Thursday, June 5, 2008

More On The Barnes Foundation

I've received a few comments on my post:

Castor/Hoeffel Treated Like Mushrooms About Barnes Decision...

Feeling that they are worthy of their own post, I have included them below and added my rebuttal to the last, anonymous post:

Blogger Lisa said...

Barnes' wishes were very clear; the moving of the Barnes Foundation is a political move by the Philadelphia Art Museum to drum visitors to the museum. It is an outrage that his trust is being broken for greed.

Perhaps it is unrealistic to expect one's wishes to be carried out in perpetuity after one's death. But unrealistic or not, anyone who wishes to put their property in a trust should be paying close attention to the Barnes case.

June 4, 2008 8:34 PM

Anonymous Anonymous said...

While I don't disagree with the intent and that the trust should be "forever", I find it hard that money should be spent fighting a move that in the end benefits the culture of all.

In the end tens of millions more people will get to see the paintings in a recreated atmosphere they were meant to be - european gallery with the art hanging from floor to ceiling on all walls - in a recreated museum on the Parkway.

I also find it hard that in Castor's time as DA we couldn't get standing. If he knows how there is a way, why wasn't it done in 2004? Why spend a dime more on this? We need to pave roads, fight crime and end poverty, not make an elite museum that is losing money stay in its current location on principal.

June 5, 2008 4:36 PM

My Rebuttal:

Blogger Bill Shaw said...

"anonymous", I would have to disagree with your sentiments.

Imagine working hard all of your life, setting a trust up for your children and your grandchildren, only to have some judge decide that your wishes weren't important enough to uphold.

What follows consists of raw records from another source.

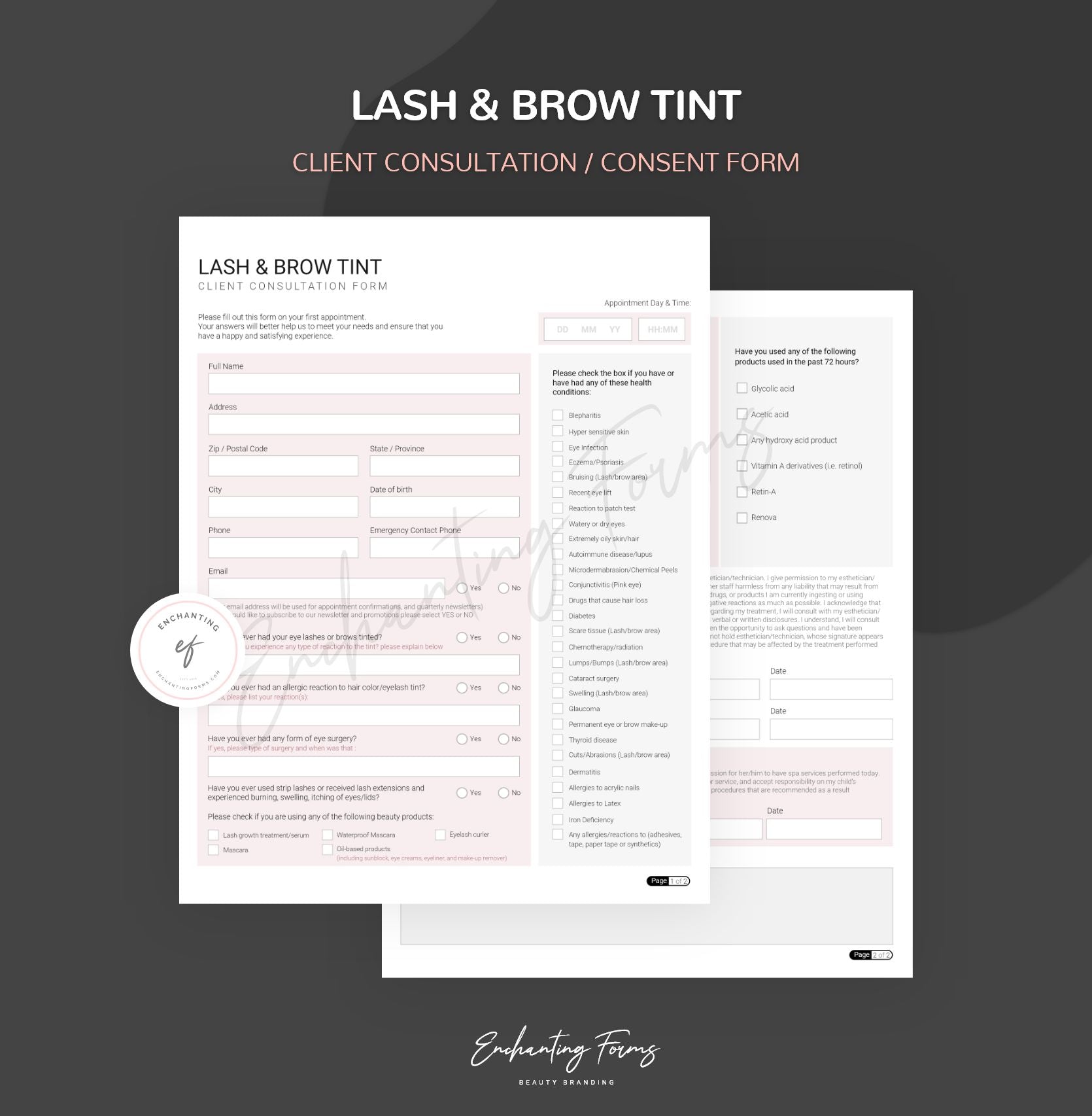 Lash and brow tinting consultation consent forms - professional fillable PDF
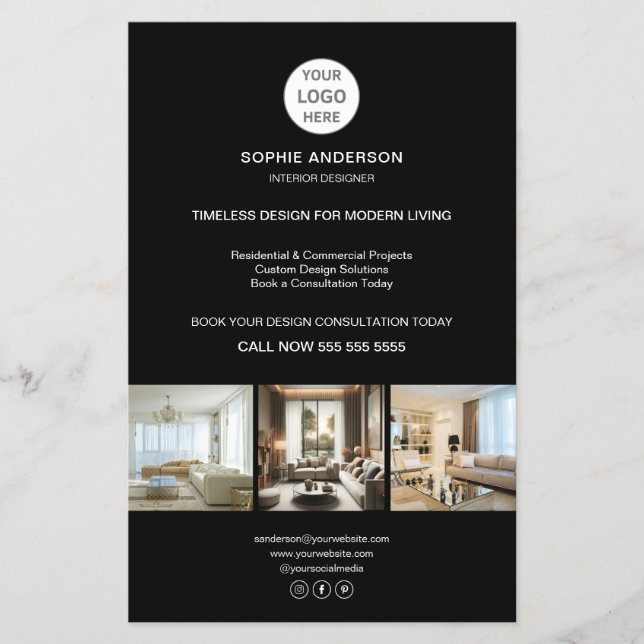 Custom Logo Black Professional Business Flyer (Vorne)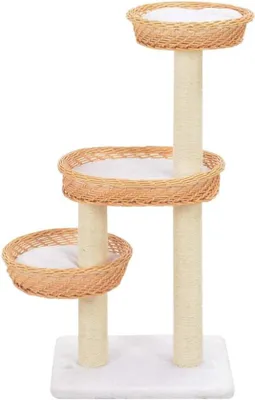 Produktbild von Famanu Katzenkratzbaum - Spiel- und Ruheplatz mit 3 Körben - 85 cm hoch - Natur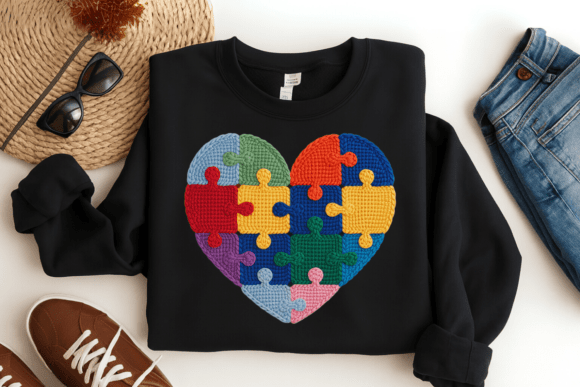 Autism Puzzle Heart PNG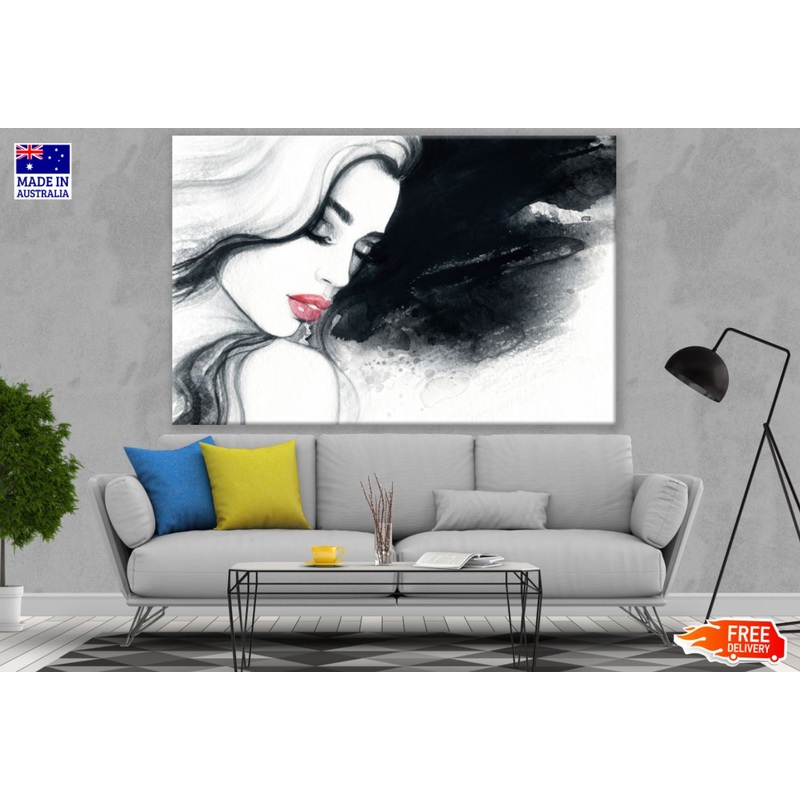 Woman Portrait B&W Painting Print 100% Australian Made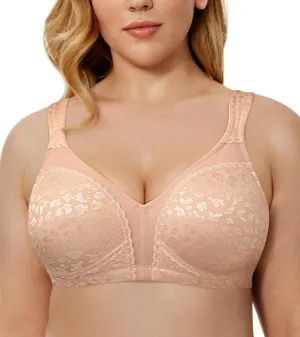 Wingslove Women's Wireless Minimizer Bra Plus Size Non-Padded Soft Full Figure Bra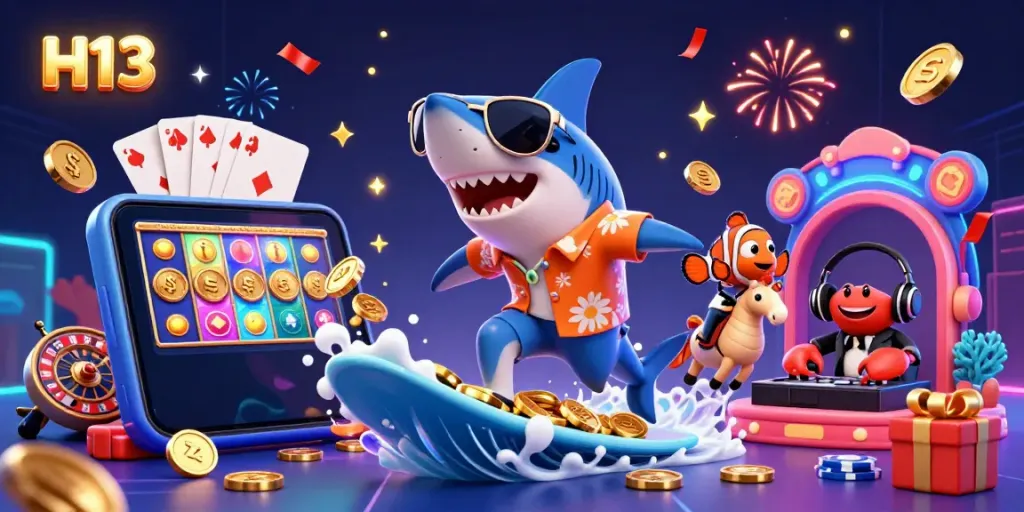 Engage in thrilling online casino gameplay with H13's vibrant illustration featuring a shark, clownfish, and crab.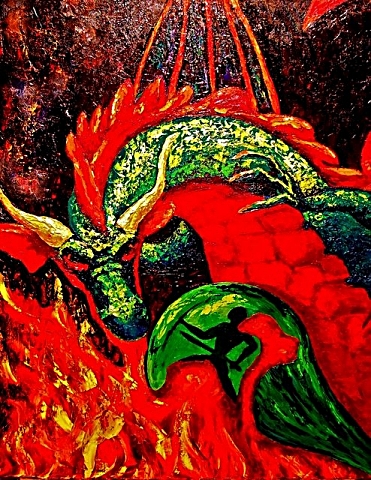 Dragon Treasure, oil on 18x24 canvas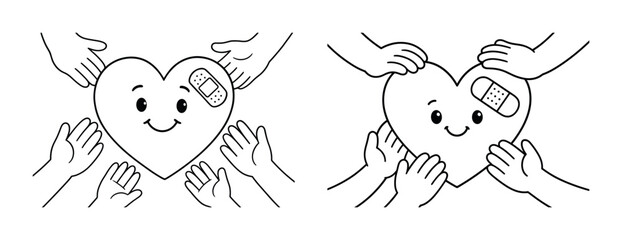 Hands comforting smiling heart with bandages cartoon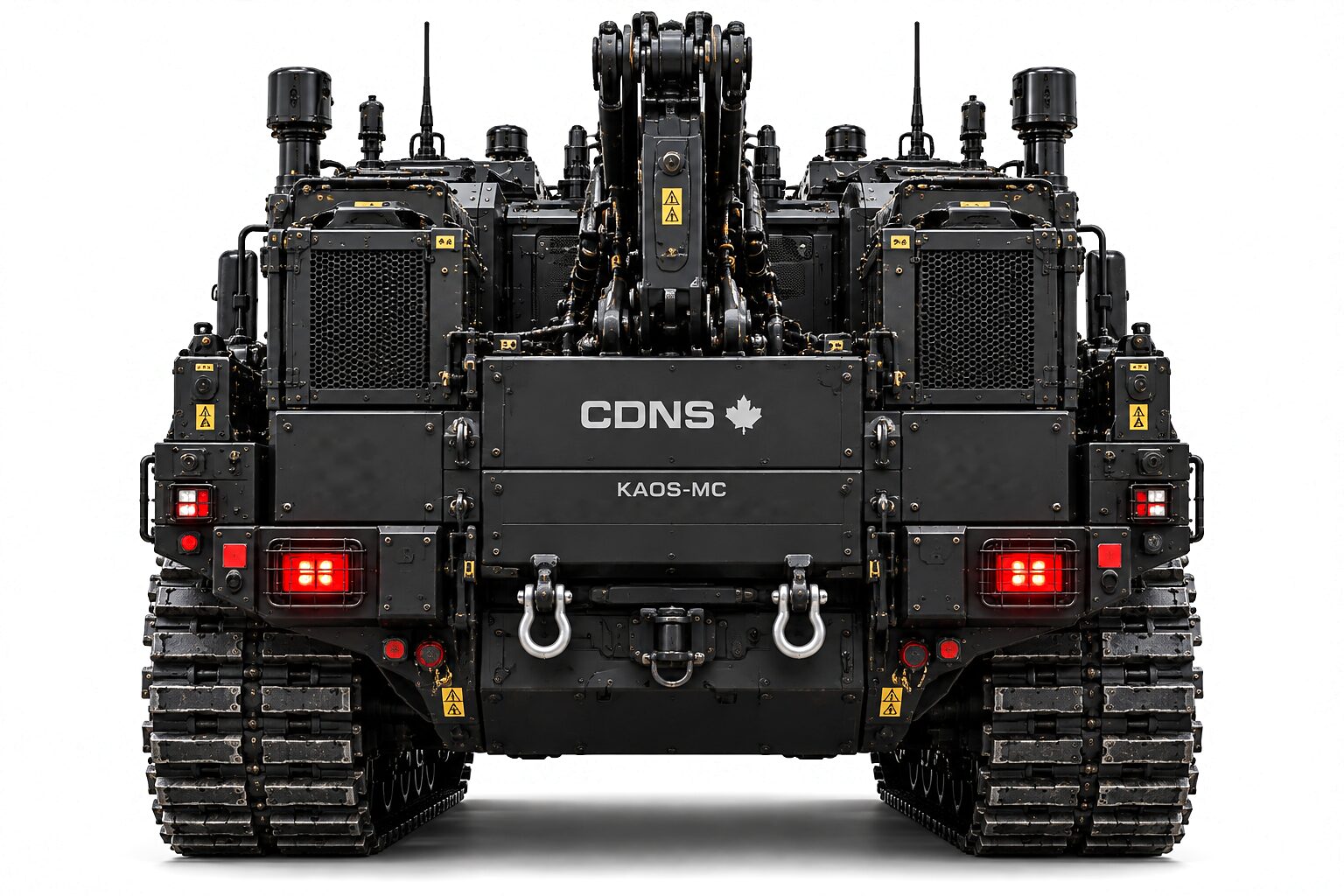 The clearance machine from directly behind on a white ground: a crane folded upright between two equipment boxes, sensor pods and two whip antennas on the roof, caged red tail lamps, and two tow shackles on the rear plate beneath the CDNS mark and the KAOS-MC designation.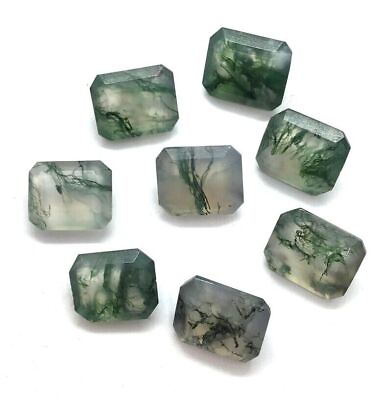 #ad WHOLESALE NATURAL MOSS AGATE FACETED BAGUETTE SHAPE LOOSE GEMSTONE $27.38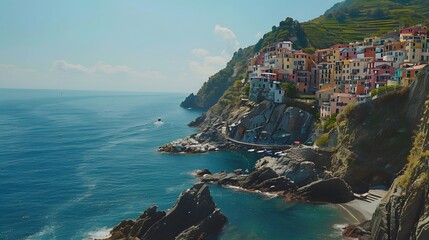 The stunning coastline of Cinque Terre, with its colorful cliffside villages clinging to the rugged...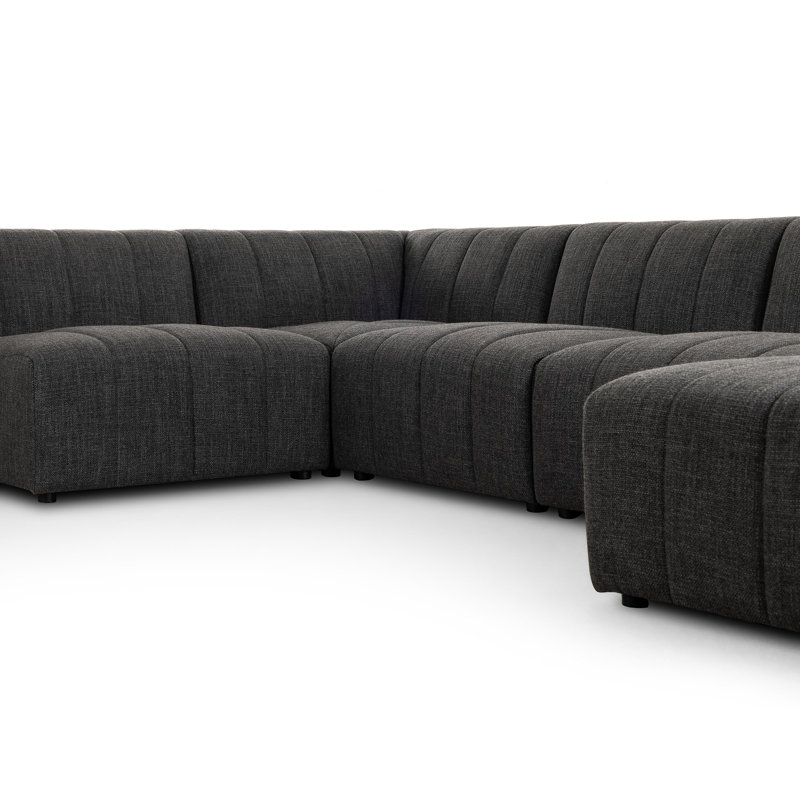 Canapé modulaire Bowry, Mélange de polyester gris anthracite Saxon, Orienté à droite
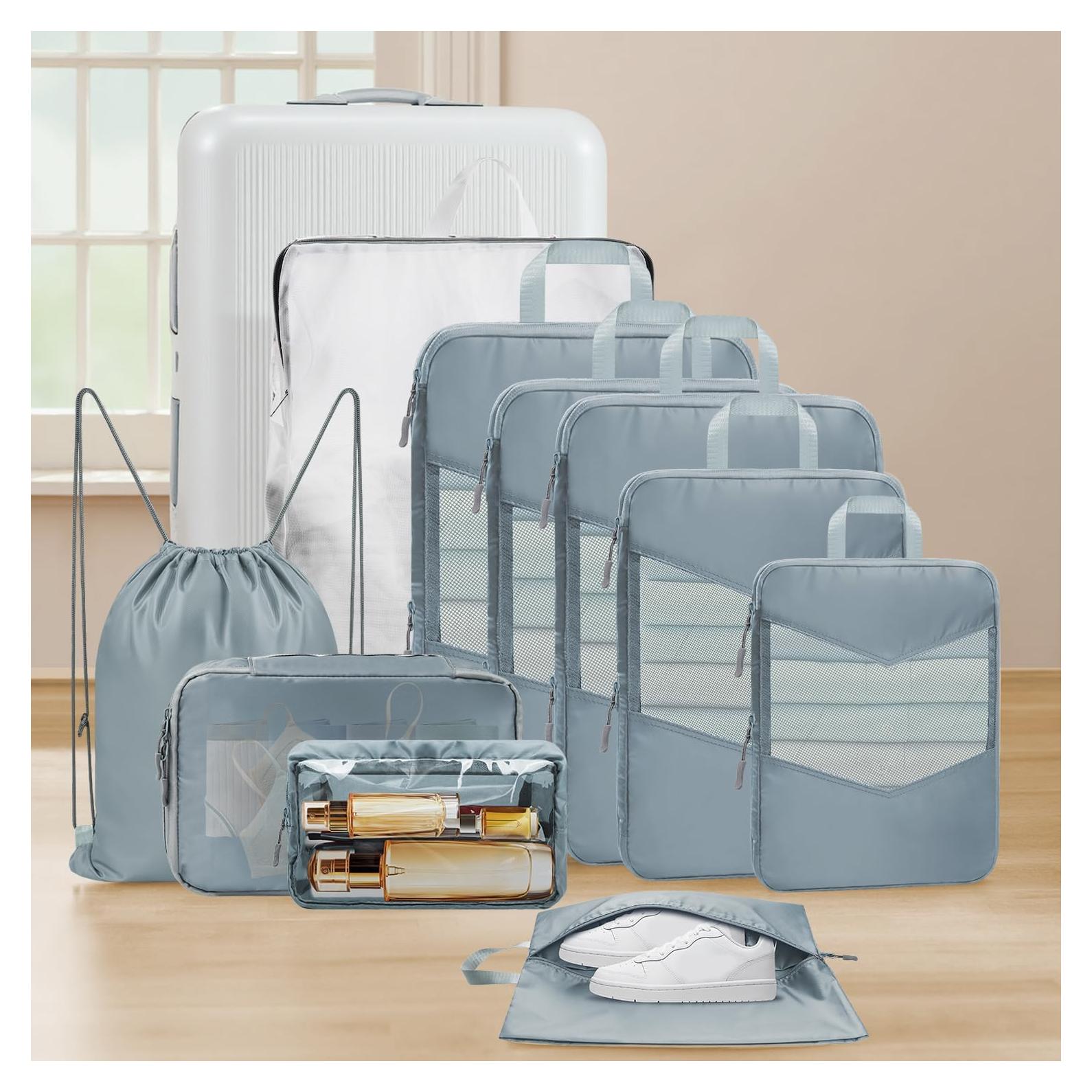 Set de 10 Cubos de Compresión Neatevday para Empacar Gris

Then imagine him taking your amassed fortune, which you already bequeathed to your family, and giving it to another family.

Is this right? Is this fair? No, it isn't.

What Judge Ott's decision does, and I'm sure it was unintentional on his part, is makes a loophole for any and all "trusts" set up for a specific purpose subject to the discretion of any and all common pleas courts to decide the disposition.

Before we just blindly lay down and accept this outcome,we better ask ourselves this question...is this what we want for ourselves and our children and grandchildren's future?

One more point to ponder...Would you want the Statue of Liberty or the Liberty Bell moved to a more convenient location in our country, just to make it more feasible for a greater number of people to enjoy it? The Barnes is/was a private collection, shared by a very special man. Leave it where it belongs, in the home he had built specifically for it. His memory deserves, at the very least, this much.

B.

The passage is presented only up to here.